Two interesting reports came across my desk over the break that address this key question...

What are museums for? This is the age-old question museums have been grappling with for years, and in times of rapid change, shrinking resources, increased competition and more powerful consumers, it appears that this is an even more urgent question that our sector needs to resolve.


Behind the scenes in Mammalogy
Behind the scenes in Mammalogy Image: Stuart Humphreys
© Australian Museum

Two recent reports have looked at this very issue. In What are museums for?, Nick Poole, UK Collections Trust CEO, explored the role of museums through an analysis of 40 UK museums' mission statements. The wordle (below and also here) is a neat way to summarise the key concepts of People; Collections; Future; World; Understanding; Learning; Public; Enjoyment; National and Access.

However, as I was reading this I was wondering what the wordle might look like from the user/consumer perspective (for example, try typing "museums are" into the Google search box and see what happens...)?

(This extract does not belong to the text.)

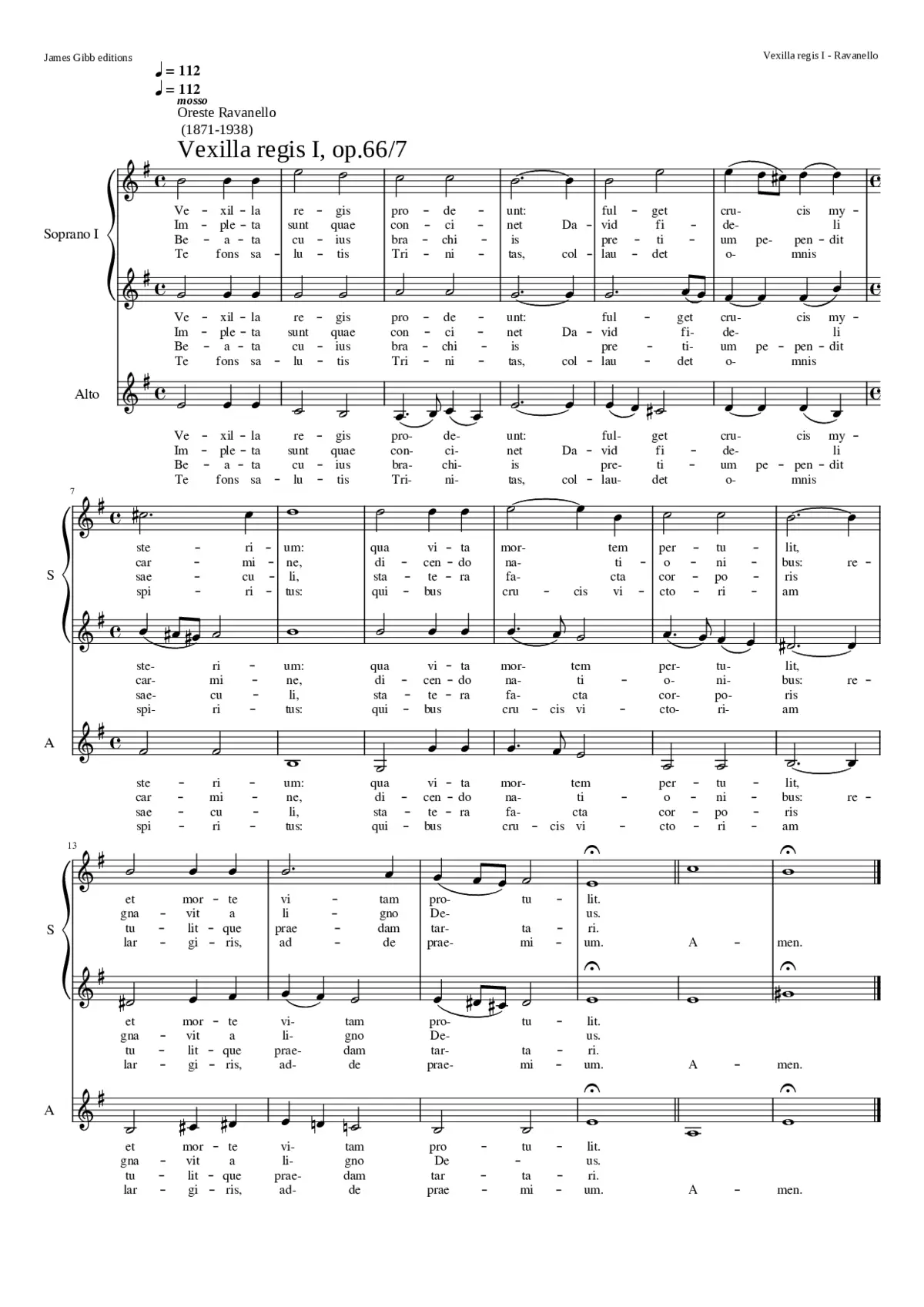 Vexilla regis I op.66/7 - Page 1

The second, What do non profits stand for? reports on research from the Nonprofit Listening Post Project, Johns Hopkins University, into seven features commonly associated with the nonprofit sector: "being productive, effective, enriching, empowering, responsive, reliable, and caring". To me one of the more interesting findings was that "62 percent of respondents acknowledged that the nonprofit sector does a poor job of articulating its special qualities to people outside the sector ... [appearing] that a significant part of the responsibility for the limited understanding of the nonprofit sector’s core values on the part of key external stakeholders lies with the sector itself."

On reflection, I am now thinking that we are asking the wrong question: not What are museums for / stand for?, but Who are museums for? It was the wise museum sage, Stephen Weil, that declared back in 1999 that museums must transform themselves from “… being about something to being for somebody” and, more recently, Seb Chan in Museums of the Future, who stated that “the museum of the future needs a public to demand and desire it”.